Extracted data:
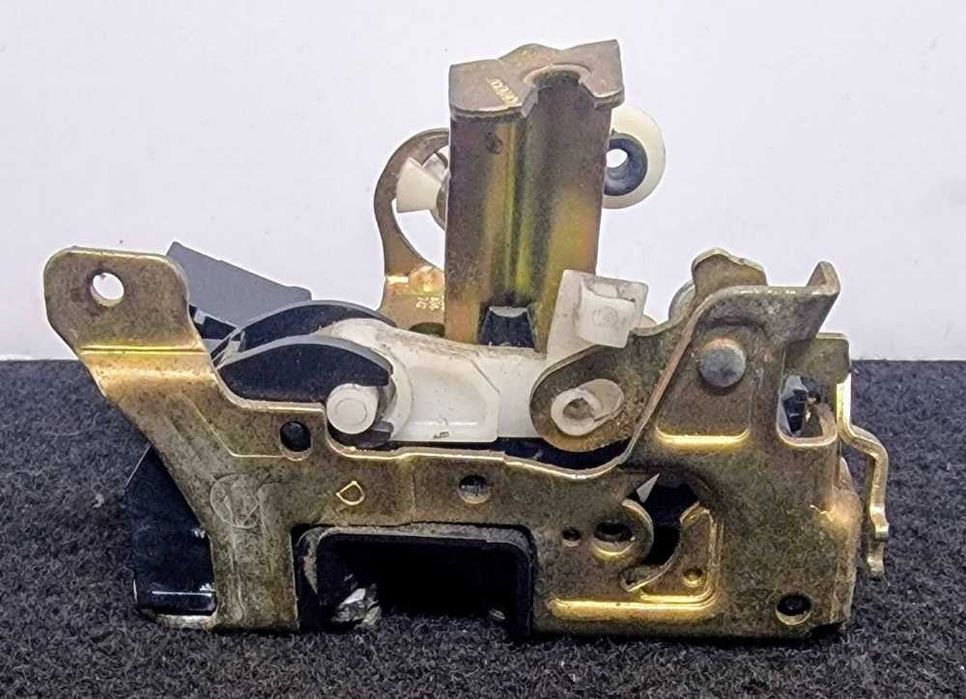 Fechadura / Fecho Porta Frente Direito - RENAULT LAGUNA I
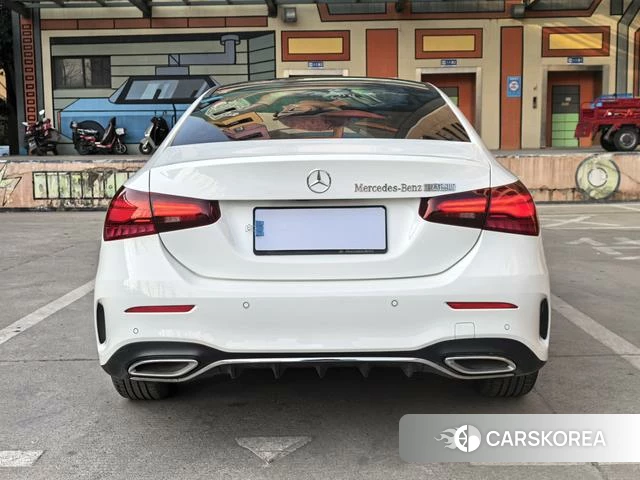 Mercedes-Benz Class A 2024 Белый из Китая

--

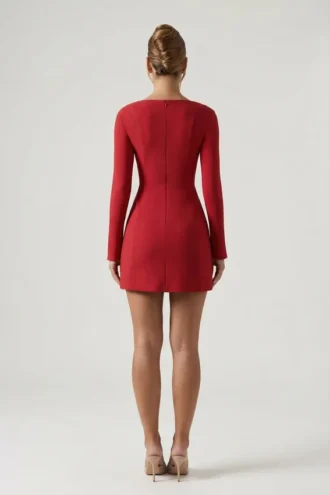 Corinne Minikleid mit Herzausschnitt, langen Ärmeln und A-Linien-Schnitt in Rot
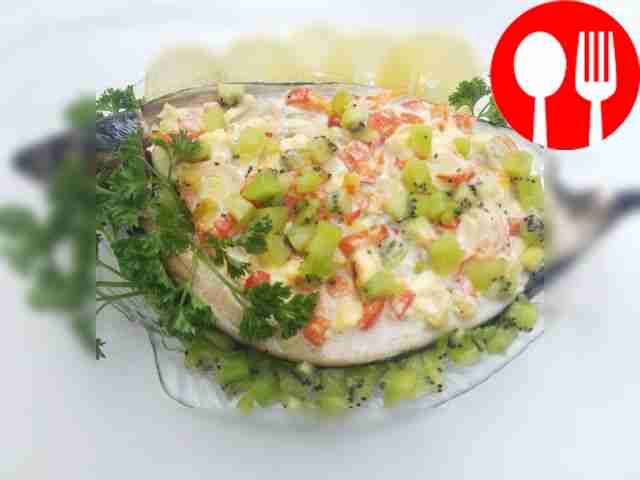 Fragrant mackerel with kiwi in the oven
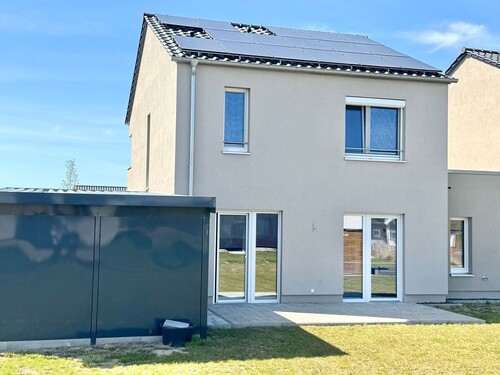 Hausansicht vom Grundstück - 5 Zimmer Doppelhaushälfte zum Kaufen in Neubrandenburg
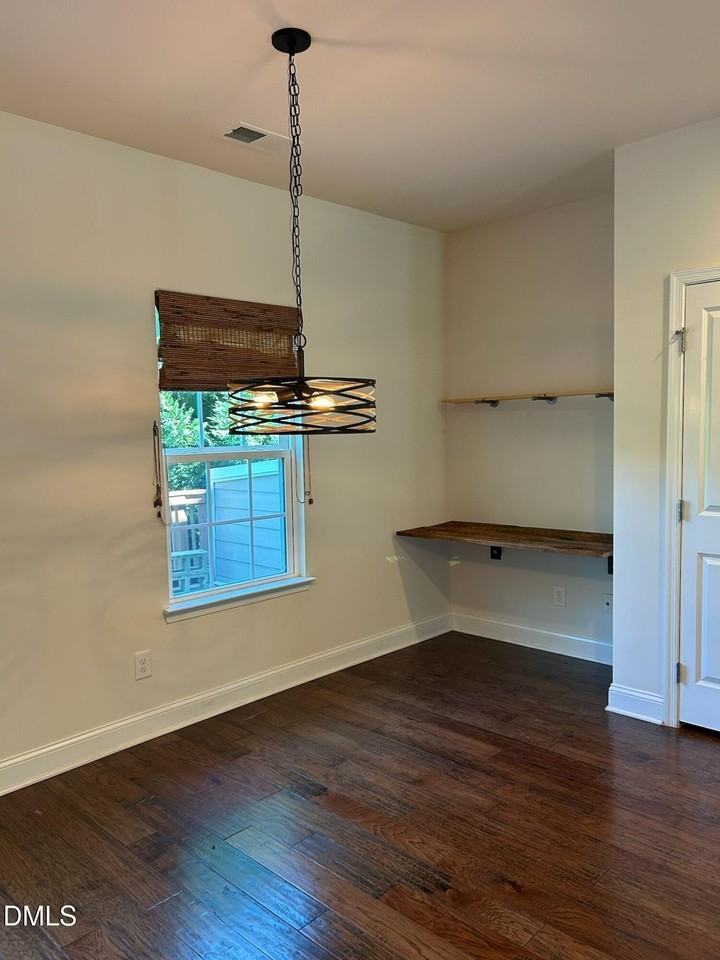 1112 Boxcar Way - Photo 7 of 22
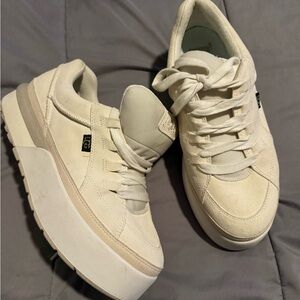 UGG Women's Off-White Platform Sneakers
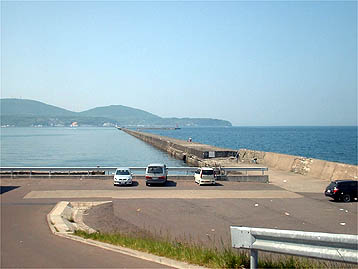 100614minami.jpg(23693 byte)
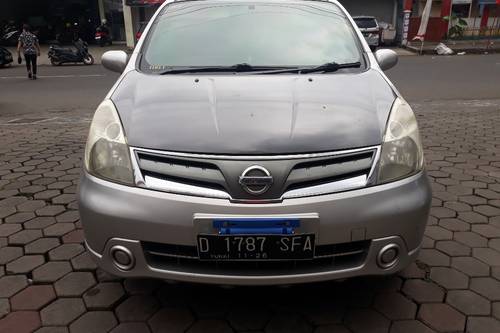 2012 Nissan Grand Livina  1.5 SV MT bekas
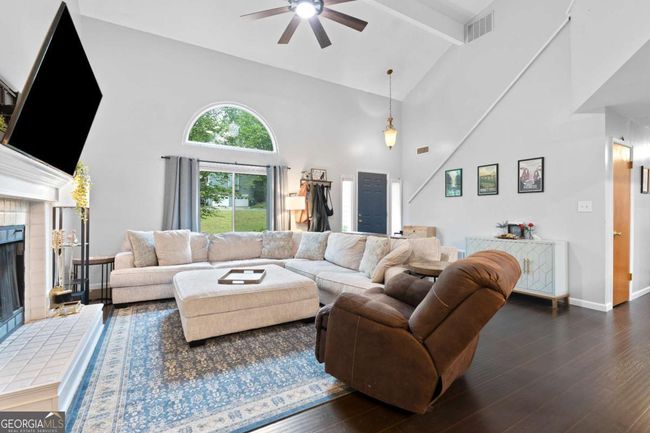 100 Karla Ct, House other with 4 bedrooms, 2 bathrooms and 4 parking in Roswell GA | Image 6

* * *

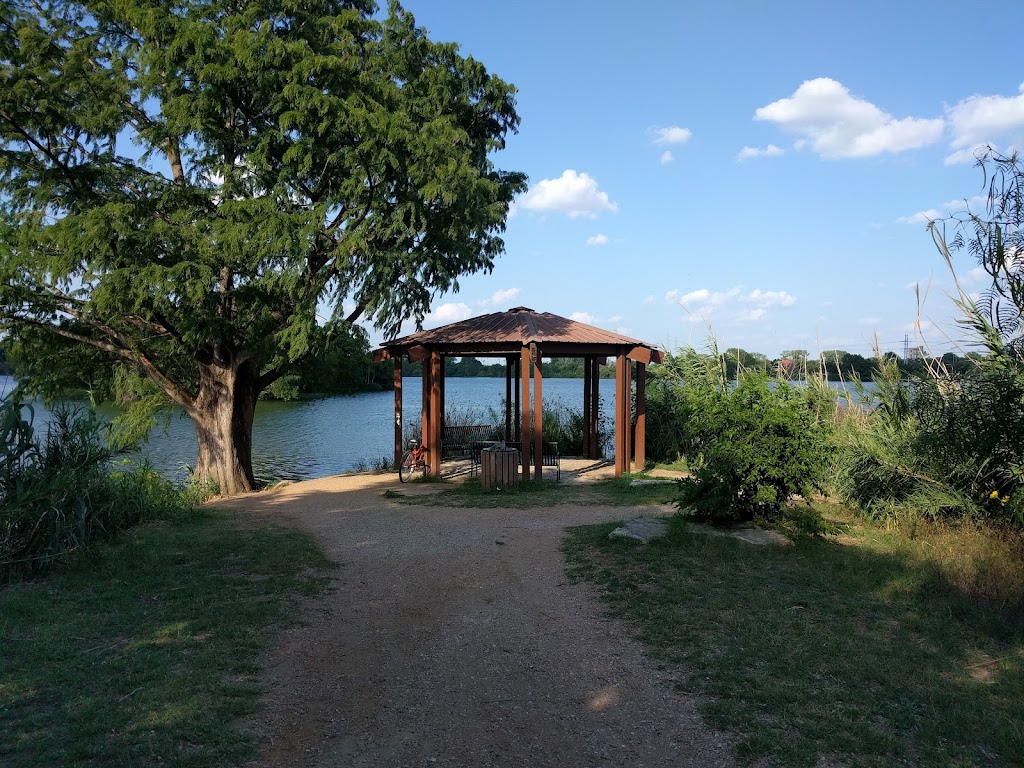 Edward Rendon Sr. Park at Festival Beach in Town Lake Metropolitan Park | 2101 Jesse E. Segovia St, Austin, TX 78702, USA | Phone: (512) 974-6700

What is being asked: Above are some records. Output exactly the lines from the one that contains "1112 Boxcar Way - Photo 7 of 22" to the one that contains "100 Karla Ct, House", keeping both, and omit the pictures.

Result:
 1112 Boxcar Way - Photo 7 of 22
 UGG Women's Off-White Platform Sneakers
 100614minami.jpg(23693 byte)
 2012 Nissan Grand Livina  1.5 SV MT bekas
 100 Karla Ct, House other with 4 bedrooms, 2 bathrooms and 4 parking in Roswell GA | Image 6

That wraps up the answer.